A Corregedoria da PM e do MPRJ deflagraram a Operação Segreto, com o objetivo de prender policiais que cobravam propina de comerciantes na Baixada Fluminense. Diálogos gravados revelam estratégia para não serem pegos e competição pelo ‘arrêgo’. Vinte e um policiais militares são presos acusados de extorquir dinheiro e produtos de comerciantes na Baixada Fluminense
Vinte e dois policiais militares do Rio de Janeiro estão sendo investigados por suspeita de integrar uma quadrilha de extorsão de comerciantes na Baixada Fluminense.

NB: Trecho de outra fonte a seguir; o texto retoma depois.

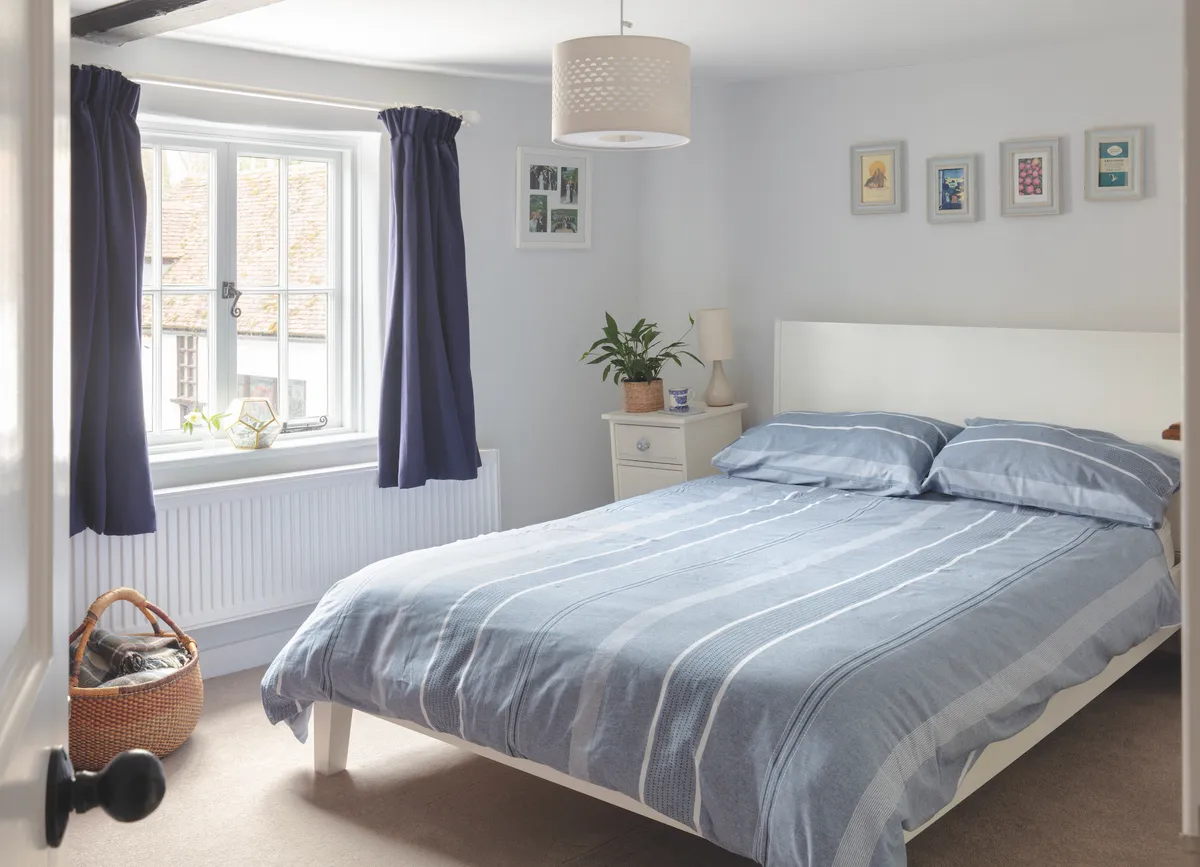 The spare bedroom doubles as an office and Sarah has toned down the colour in there but stuck to her favourite blues, with navy curtains from John Lewis & Partners and a subtle striped Willington duvet cover from Dunelm. See her home makeover.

Na última quinta-feira (7), 21 PMs foram presos pela Corregedoria da Polícia Militar e o Ministério Público do Rio de Janeiro (MPRJ). Até a última atualização desta reportagem, 1 PM seguia foragido.
Segundo os promotores, homens que então serviam no 20º BPM (Mesquita) faziam um “tour da propina” em Nova Iguaçu, na Baixada Fluminense — e além de dinheiro, recolhiam cerveja, vodka e até frutas.
Diálogos gravados durante o ‘tour da propina’ indicam competição entre grupos de PMs pelo ‘arrêgo’
Os casos investigados aconteceram entre junho de 2023 e fevereiro de 2024. Os envolvidos são acusados de corrupção e associação criminosa: Um subtenente, 11 sargentos, seis cabos e quatro soldados.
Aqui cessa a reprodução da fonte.